Interest compensation adds up the debit and credit balances of more than one account, and calculates the interest for the total balance that has been compensated. Interest compensation is possible for the participating currencies in the EURO conversion, and in EURO itself. Interest can be compensated across bank areas, but a hierarchy over more than one level is not supported.

The system periodically compensates interest as part of account balancing.

Enter the settings and activate the required checks in the Implementation Guide (IMG). You can run interest compensation as part of the periodic account balancing as a mass run or as an individual balancing.

Note Note

Value dates in the past and backdated postings are allowed. Conditions that applied at the time of the value date are valid, meaning that if balanced periods are recalculated, the conditions of the hierarchy valid at that time are used. The account pool formation applies also. If an account was a member of an account pool at the time of the last period but is no longer participating, the conditions of the account pool apply.

An account can only belong to one account pool for a particular period, but this account can change to another pool in another period. If back postings and value dates in the past are for an earlier period in which the account belonged to another account pool, then the conditions of this account pool apply.

End of the note.

Prerequisites

Before you can run interest compensation you need to create an account pool with a root account. The root account must be created in the account pool and must be in the hierarchy, but it can refer to a reference account.

The root account is the leading account on which the interest conditions and limits are centrally defined for the account pool. The balancing date for interest compensation is also defined on the root account. If conditions are defined for the subordinate accounts, these are not included or are overridden by the conditions of the root account. The balancing date on each subaccount must be the same as that on the root account.

A change or assignment to an account pool is only possible during the period if the accounts were created after the hierarchy start date and have not yet received postings. You cannot assign an account to an account pool until account balancing has been completed.

Process Flow

  1. The balances of the subordinate accounts are fictitiously summarized, value date-exact, and used as a calculation basis.

  2. The interest for the accounts to be compensated is calculated on the basis of the total balance of the account pool, and compensated or posted to the root account. This means that only the balancing result is posted but no account balances are carried forward.

  3. All accounts in the hierarchy are balanced without compensation for information purposes.

A business partner has three accounts and wants the interest and charges compensated on one of these accounts. The accounts for compensation have the same debit and credit interest and the same limits. Interest is calculated for the compensated total balance.

Conditions:

Credit interest: 5%

Debit interest: 10%, overdraft limit = 1,000 USD

Result of interest compensation:

∑ Account balance (account 1, 2 and 3): 0 - 100 + 200 = 100 USD

Calculation of interest: 100 x 5%= 5 USD

Posting to root account: 5 USD credit interest

Result without interest compensation:

Account 1: 0 = 0 USD

Account 2: –100 x 10% = -10 USD debit interest

Account 3: +200 x 5% = + 10 USD credit interest

Advantage of interest compensation: 5 USD (account 1 / root account)

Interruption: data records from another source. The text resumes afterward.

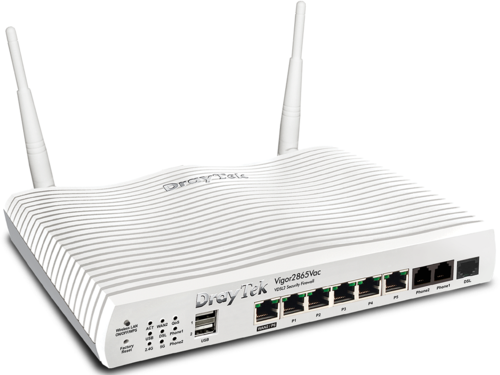 ADSL / VDSL / UFB Router with Firewall and VPN, VoIP, 11ac WiFi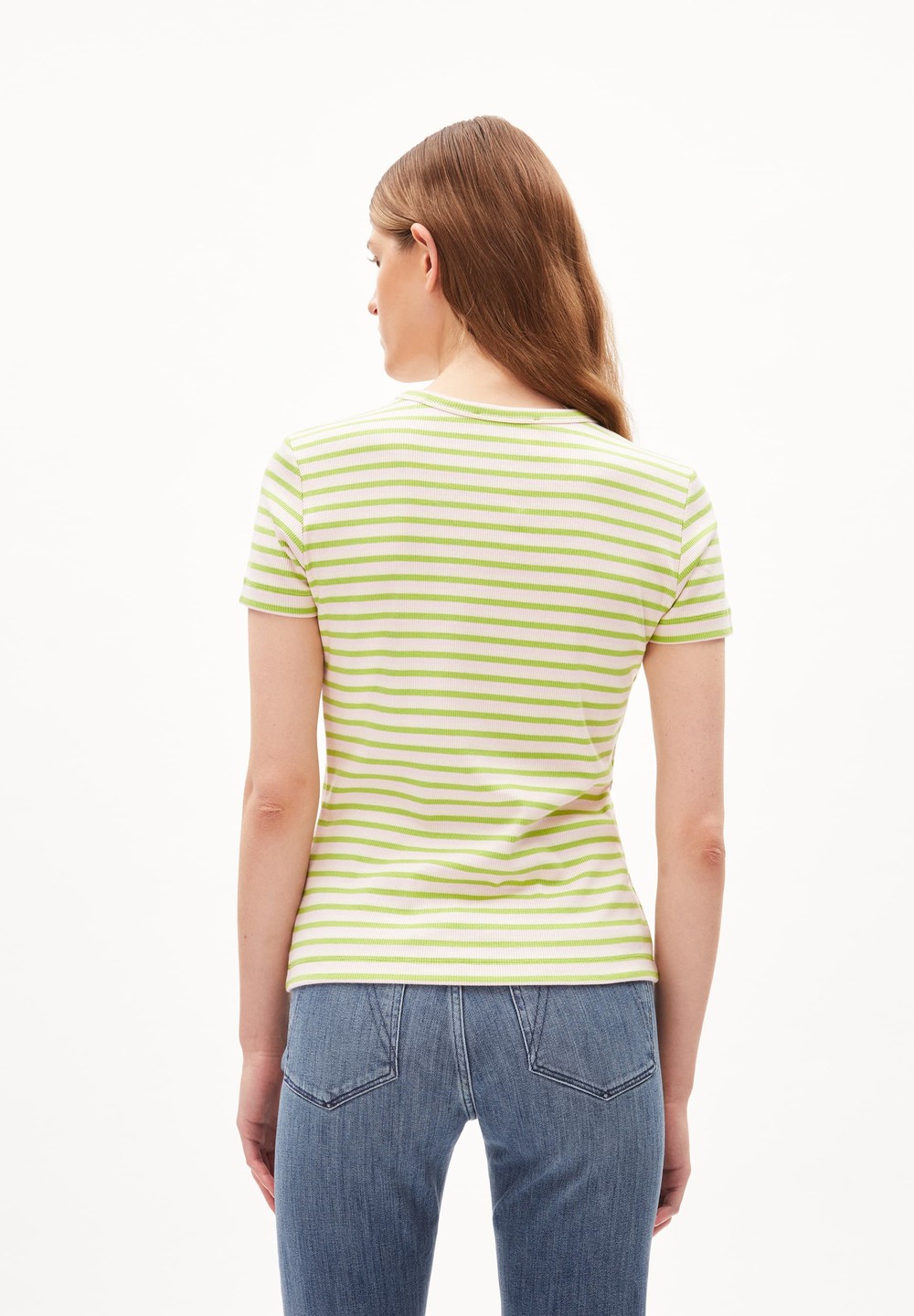 ARMEDANGELS KARDAA STRIPES Rib-T-Shirt Regular Fit made of Organic Cotton Mix Hell | FTZI-01524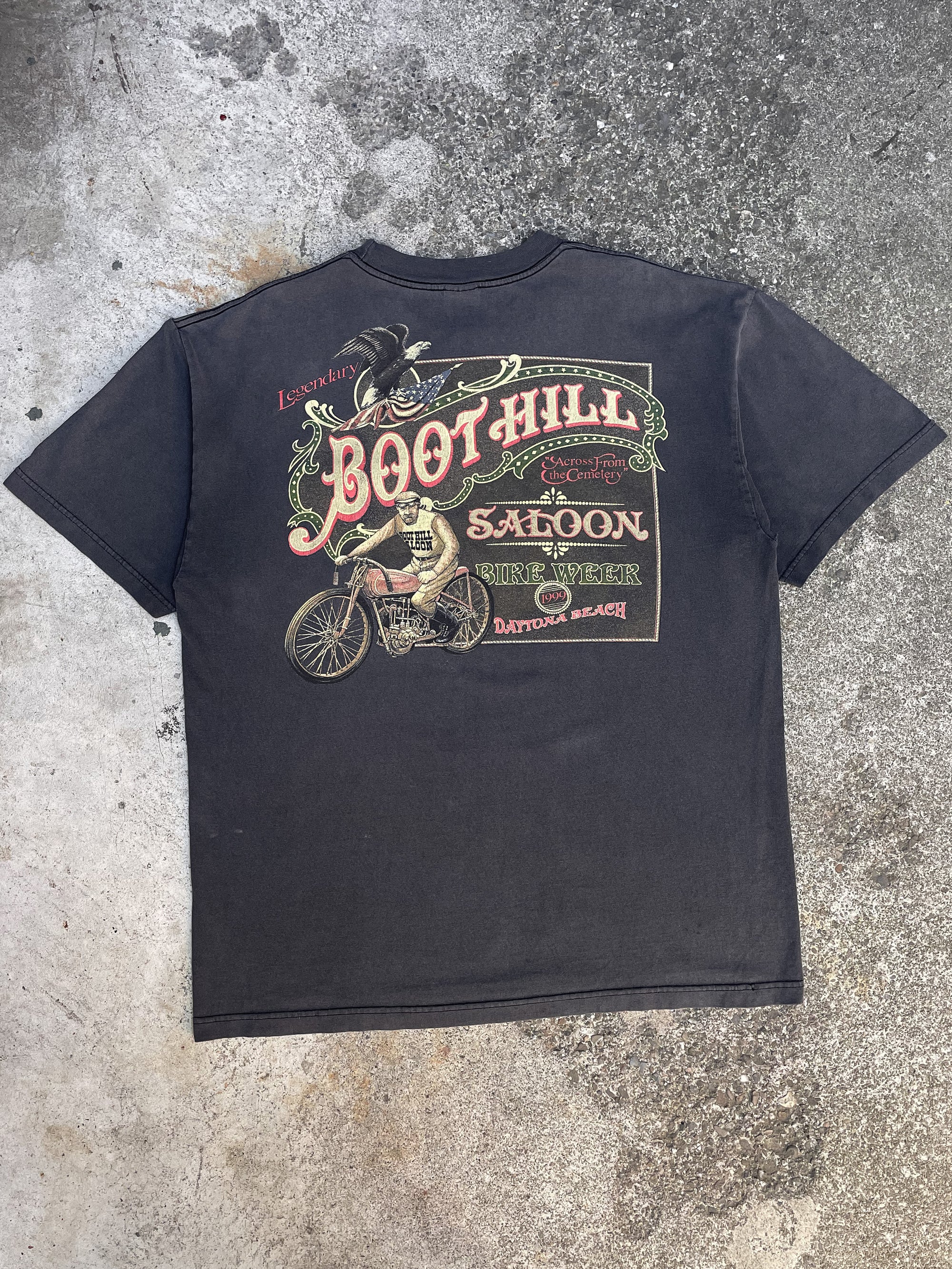 1990s “Boot Hill Saloon” Faded Pocket Tee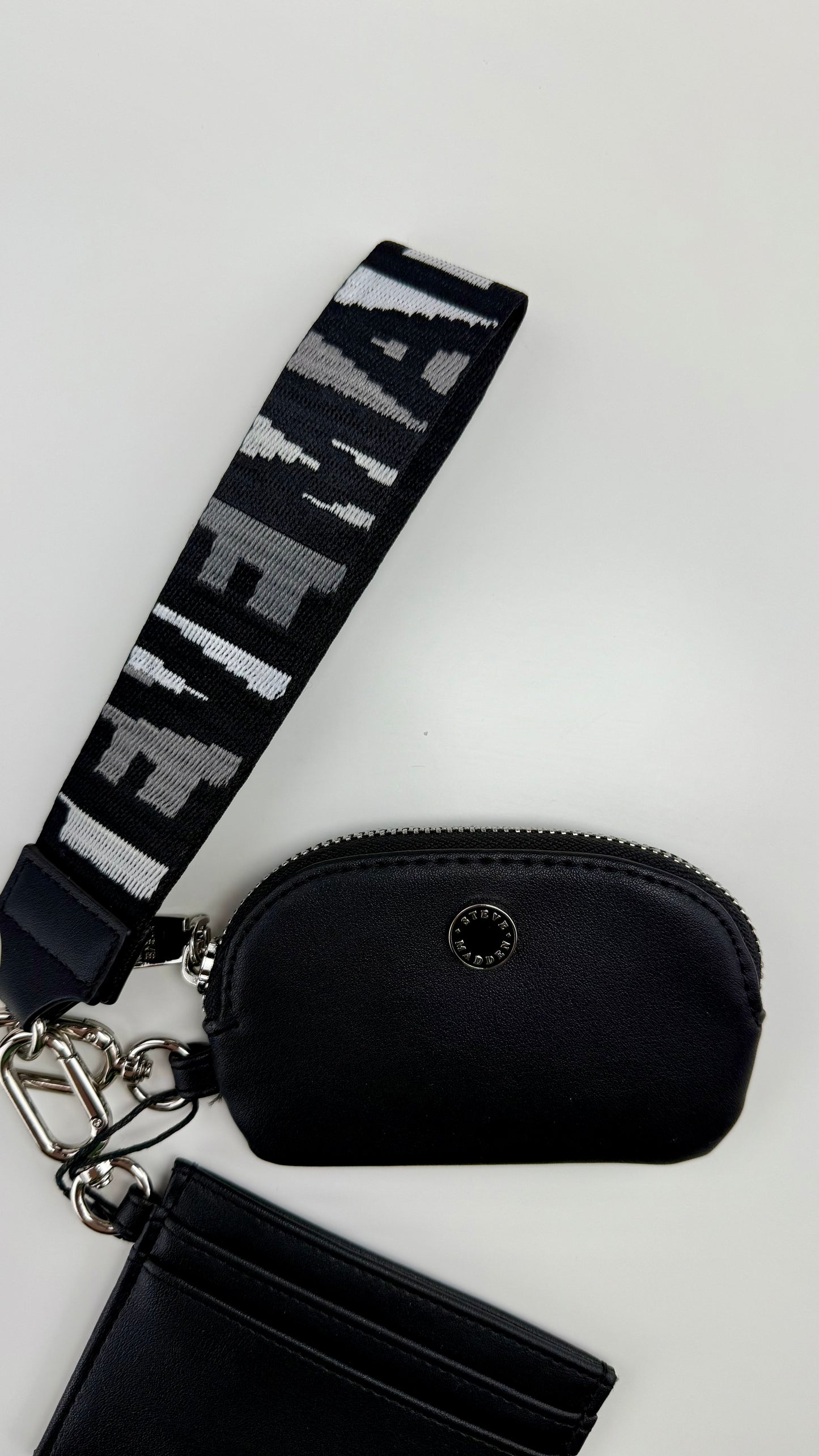 Steve Madden Card Holder & Wallet Black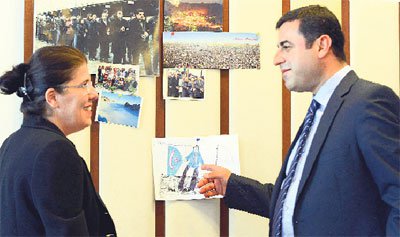 Demirtaş'ın odasındaki Türk bayrağının sırrı!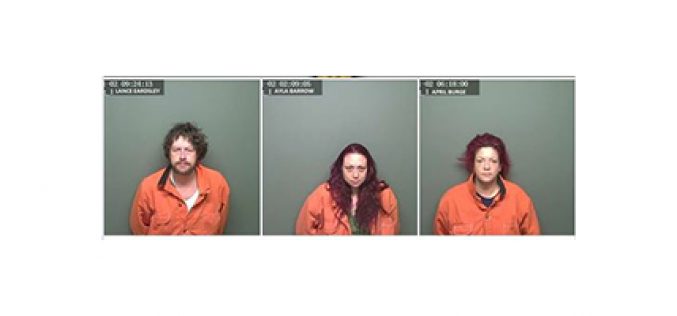 Three drug-related arrests in Plumas residence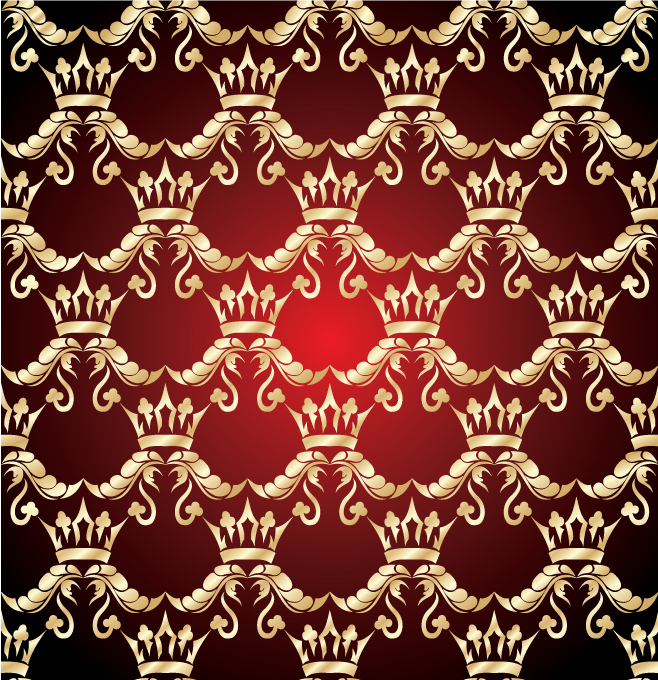 gold pattern shading 03 vector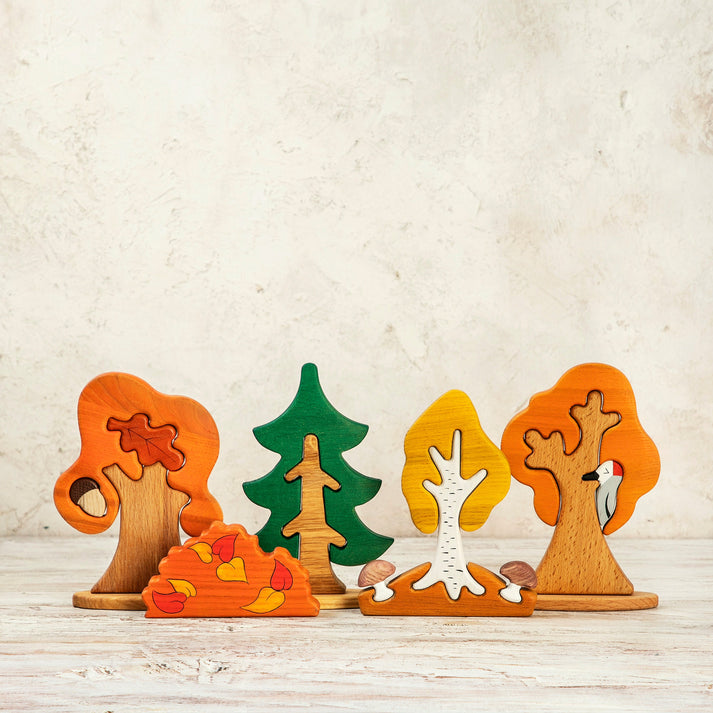 Wooden Autumn | Fall Bush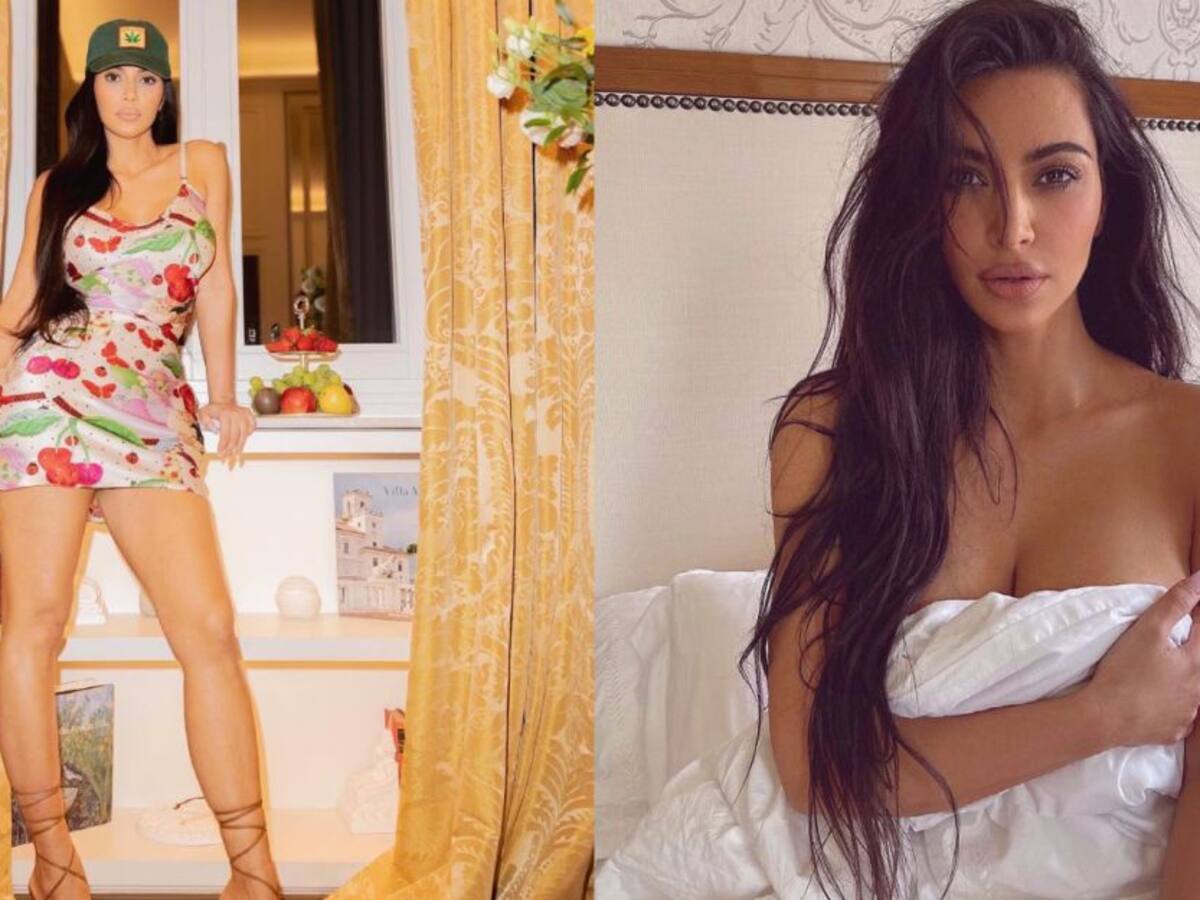 “Uuututuyyyy”: Kim Kardashian y su diminuto bikini morado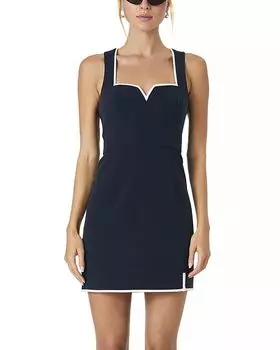 Платье Azra из твила FRENCH CONNECTION, синий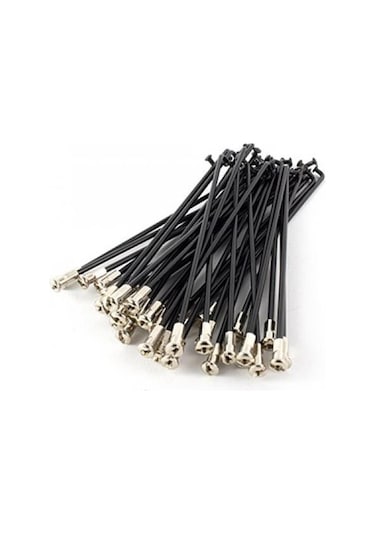 Vona 2.5mm 12g E-bike Jant Teli 290mm Siyah Renk Elektrikli Bisiklet Jant Teli 36 Adet 29 Cm Siyah - Gri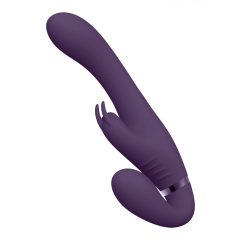   Vive Suki - dobíjací vibrátor bez popruhov so stimulátorom klitorisu so zajačikom (fialový)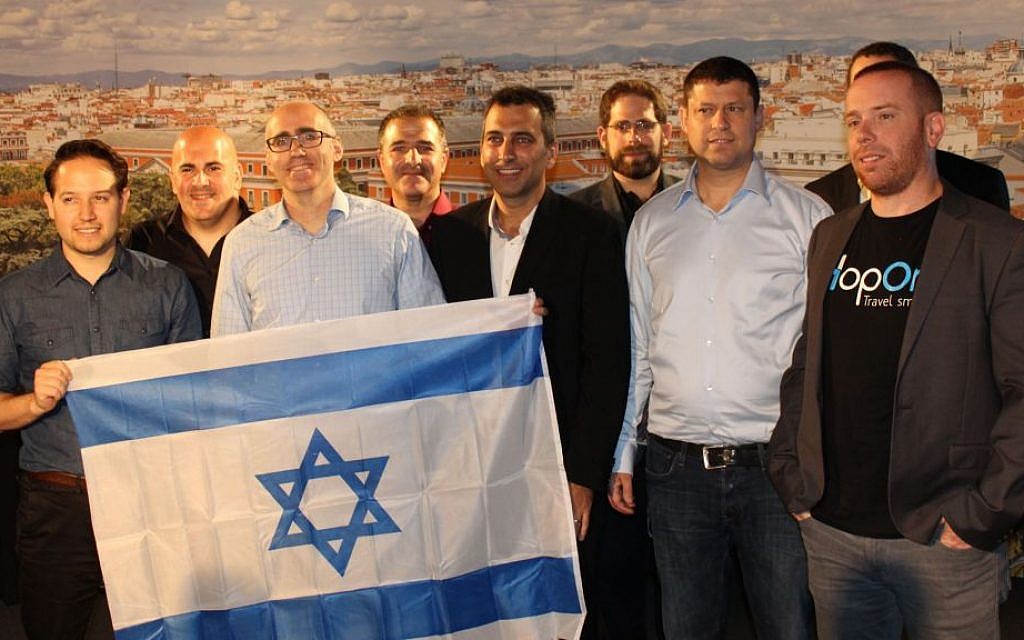 Shahar Friedman from Visa and the Israeli team. (Anthony Upton)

The advantage of charge compensation is illustrated in the following two examples. Set the Charge Compensation indicator to take advantage of this function.

Conditions of the root account

Conditions for the account

Account maintenance charge

10 USD

10 USD

Free items:

1500

500

Item charge:

0.50 USD/Item

0.50 USD/Item

Result/posting to root account with charge compensation:

Result/posting to root account with charge totaling:

Account maintenance charge:

10 + 10 + 10 = 30 USD

Item charge (compensated):

700 + 400 + 600 = 1700 -1500 = 200 items

0.50 USD x 200 = 100 USD

Account maintenance charge: 10 + 10 + 10 = 30 USD

Item charges:

700 - 500 = 200 x 0.50 USD

400-500 = 0

600 - 500 = 100 x 0.50 USD

100 +0 +50 = 150 USD

Result

The result is posted and can now be processed, for example, for capital yield tax (CYT).